Today’s college curriculum finds its origination within an outdated, reductionist-oriented, Cartesian model that no longer works in our current world dynamic. University departmentalization directly influences the segregation of subject matter into specializations, thus breaking down the inherent foundation of systems into disconnected parts. This is evident in the splintering of social, political, religious, scientific, philosophical, spiritual, and environmental systems the world over. Especially as unchecked corporate and industrial entities create environmental degradation, religious warfare, cultural extinction, and Earth’s overall ecological dissolution. University programs have the ability and potentiality to foster a greater respect and understanding for the student’s journey throughout their college experience. The ability to educate students with ecologically systems-based theoretical paradigms can generate a curriculum that ties subject matter together as opposed to breaking it apart. In turn, this can develop a healthier global community oriented view of our world for the younger generations that participate in a world that does uniquely offer the opportunity to share in a wonderful life living paradigm.
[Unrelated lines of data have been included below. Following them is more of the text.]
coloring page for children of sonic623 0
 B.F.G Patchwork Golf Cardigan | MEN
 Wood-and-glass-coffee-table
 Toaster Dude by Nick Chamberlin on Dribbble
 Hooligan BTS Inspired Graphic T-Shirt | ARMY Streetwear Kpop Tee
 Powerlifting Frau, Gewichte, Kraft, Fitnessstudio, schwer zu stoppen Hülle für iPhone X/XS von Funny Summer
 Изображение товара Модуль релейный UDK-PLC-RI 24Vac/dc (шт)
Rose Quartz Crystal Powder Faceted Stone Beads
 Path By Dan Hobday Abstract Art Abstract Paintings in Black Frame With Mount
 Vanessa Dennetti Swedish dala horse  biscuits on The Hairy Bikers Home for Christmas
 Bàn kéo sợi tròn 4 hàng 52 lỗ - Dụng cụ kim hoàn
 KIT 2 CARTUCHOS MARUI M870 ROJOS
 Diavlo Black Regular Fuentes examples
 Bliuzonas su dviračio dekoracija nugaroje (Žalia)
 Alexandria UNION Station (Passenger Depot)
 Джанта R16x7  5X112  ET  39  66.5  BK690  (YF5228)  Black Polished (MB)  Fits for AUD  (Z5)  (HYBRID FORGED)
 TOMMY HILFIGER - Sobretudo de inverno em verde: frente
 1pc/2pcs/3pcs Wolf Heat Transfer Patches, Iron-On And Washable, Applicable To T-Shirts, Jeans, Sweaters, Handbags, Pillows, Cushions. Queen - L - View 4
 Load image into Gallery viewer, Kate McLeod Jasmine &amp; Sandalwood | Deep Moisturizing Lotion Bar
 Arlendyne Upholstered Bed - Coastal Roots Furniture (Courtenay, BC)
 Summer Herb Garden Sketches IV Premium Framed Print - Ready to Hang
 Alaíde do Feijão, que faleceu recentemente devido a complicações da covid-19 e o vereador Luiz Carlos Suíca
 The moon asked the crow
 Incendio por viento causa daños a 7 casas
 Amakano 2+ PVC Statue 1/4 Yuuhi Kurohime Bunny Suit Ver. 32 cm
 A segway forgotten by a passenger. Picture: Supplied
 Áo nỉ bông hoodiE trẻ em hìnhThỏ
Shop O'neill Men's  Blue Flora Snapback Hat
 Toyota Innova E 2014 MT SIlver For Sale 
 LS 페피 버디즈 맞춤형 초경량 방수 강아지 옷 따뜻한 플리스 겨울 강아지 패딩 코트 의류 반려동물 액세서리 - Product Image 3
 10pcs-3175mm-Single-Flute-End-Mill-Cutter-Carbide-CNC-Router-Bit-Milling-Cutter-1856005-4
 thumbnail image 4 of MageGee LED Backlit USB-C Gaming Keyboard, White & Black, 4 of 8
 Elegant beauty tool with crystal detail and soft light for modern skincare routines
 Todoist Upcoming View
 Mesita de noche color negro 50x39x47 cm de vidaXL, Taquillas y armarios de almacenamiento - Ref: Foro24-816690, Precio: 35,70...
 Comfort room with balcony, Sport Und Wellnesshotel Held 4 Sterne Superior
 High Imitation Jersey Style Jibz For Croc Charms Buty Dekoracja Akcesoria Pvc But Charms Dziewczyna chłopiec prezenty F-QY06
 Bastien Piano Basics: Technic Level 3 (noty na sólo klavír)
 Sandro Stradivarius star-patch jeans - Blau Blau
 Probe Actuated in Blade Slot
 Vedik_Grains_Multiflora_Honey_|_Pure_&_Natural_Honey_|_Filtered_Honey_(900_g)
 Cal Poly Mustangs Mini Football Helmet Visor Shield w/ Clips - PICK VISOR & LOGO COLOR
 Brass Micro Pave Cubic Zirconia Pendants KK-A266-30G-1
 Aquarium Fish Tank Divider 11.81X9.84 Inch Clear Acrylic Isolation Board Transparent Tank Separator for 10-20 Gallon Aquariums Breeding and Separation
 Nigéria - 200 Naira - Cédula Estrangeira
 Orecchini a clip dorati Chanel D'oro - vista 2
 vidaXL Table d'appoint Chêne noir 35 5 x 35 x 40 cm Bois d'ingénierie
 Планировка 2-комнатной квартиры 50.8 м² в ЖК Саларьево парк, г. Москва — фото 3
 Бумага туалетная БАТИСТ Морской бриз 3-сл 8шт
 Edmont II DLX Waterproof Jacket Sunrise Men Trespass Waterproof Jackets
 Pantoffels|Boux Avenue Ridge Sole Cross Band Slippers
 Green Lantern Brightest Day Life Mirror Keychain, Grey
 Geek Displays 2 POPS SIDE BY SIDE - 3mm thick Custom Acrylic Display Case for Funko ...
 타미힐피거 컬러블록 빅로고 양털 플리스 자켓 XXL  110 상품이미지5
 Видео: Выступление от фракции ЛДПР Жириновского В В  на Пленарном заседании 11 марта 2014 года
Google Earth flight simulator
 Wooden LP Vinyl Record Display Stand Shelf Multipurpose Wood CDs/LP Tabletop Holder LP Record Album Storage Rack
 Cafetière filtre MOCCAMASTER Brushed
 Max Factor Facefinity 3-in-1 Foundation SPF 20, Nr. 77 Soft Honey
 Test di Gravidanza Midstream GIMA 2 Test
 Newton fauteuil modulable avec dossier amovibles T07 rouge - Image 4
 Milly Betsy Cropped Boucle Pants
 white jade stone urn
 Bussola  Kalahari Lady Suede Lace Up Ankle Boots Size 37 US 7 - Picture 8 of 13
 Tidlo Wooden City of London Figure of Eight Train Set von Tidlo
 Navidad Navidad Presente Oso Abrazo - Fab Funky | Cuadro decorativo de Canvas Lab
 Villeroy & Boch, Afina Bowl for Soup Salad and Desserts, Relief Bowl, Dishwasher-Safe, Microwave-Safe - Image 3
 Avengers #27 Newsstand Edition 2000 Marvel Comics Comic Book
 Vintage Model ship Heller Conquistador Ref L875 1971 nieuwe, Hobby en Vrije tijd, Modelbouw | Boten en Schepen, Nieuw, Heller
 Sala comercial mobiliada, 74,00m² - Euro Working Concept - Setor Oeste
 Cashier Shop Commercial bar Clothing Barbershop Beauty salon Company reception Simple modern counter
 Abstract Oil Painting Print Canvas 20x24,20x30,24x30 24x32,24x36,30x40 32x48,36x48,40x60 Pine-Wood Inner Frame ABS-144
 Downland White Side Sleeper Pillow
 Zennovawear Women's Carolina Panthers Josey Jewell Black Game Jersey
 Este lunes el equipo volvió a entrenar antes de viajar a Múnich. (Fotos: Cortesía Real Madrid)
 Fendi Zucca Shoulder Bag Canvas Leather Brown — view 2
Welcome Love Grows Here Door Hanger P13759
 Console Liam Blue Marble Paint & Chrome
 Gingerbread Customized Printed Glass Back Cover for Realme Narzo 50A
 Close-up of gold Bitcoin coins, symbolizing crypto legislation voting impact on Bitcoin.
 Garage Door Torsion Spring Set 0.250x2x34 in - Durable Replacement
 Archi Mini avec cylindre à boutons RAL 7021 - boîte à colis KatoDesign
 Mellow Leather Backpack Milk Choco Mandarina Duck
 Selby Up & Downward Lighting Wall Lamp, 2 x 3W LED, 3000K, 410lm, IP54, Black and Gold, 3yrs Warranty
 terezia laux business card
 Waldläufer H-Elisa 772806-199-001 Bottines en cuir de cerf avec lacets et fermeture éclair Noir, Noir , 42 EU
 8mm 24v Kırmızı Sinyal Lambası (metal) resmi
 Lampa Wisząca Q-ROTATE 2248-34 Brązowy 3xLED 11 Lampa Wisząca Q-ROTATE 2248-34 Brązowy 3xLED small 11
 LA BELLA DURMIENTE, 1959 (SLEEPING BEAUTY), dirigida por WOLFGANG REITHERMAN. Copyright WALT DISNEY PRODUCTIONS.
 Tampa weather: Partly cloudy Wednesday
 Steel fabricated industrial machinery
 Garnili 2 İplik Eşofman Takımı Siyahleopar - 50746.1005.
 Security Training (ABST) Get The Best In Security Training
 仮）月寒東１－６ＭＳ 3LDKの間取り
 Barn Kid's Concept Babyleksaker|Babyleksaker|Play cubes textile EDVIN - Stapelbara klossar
There is an important need to address these issues in the undergraduate student’s educational experience in efforts to illustrate how interdependent today’s world systems exist in mutually caused and connected activities. Systems thinking provides an opportunity for a better understanding of what it means to be eco-literate in our vastly interconnected socio-ecological world system (Capra, 2004). Fritjof Capra (2004) in addressing the importance of cultivating Ecoliteracy aptly states that, “cooperation is actually much more important than competition” (p. 8). Capra speaks to the importance of thinking in terms of sustainability, resilience, patterns, and flow within a system. Development of an ecoliterate-based curriculum illustrates the inherent diversity of a system and the systemic ability to nurture healthier feedback loops (Capra, 2004). The feedback loops ultimately benefit everything that is living and breathing in our world.
An example of ecoliterate activity might include looking at a student who is an economics major. A healthy curriculum could show this student that one business-based decision in this part of the world has the ability to either bolster or destroy, a small village or the rain forest in another part of the world. This can be done by actually having someone from the sociology or environmental studies programs visit the classroom and serve as the instructor for the day. A visiting instructor participates in a shared instructional curriculum that at once begins to break down university specialization and segregation. The shared teaching curriculum provides a transdisciplinary communication between the students and educators, the particular topic, and the inherent interdependent connections between subjects as they exist inside and outside the classroom. There is a lack of sensitivity in the American education system that does not address effects and connectivity. Through the disconnected curriculum that is currently steering the educational system, the results of neglected awareness for effects and connectivity are showing not only in every ones’ home, neighborhood, town, city, state and country, but in the rest of the world as well.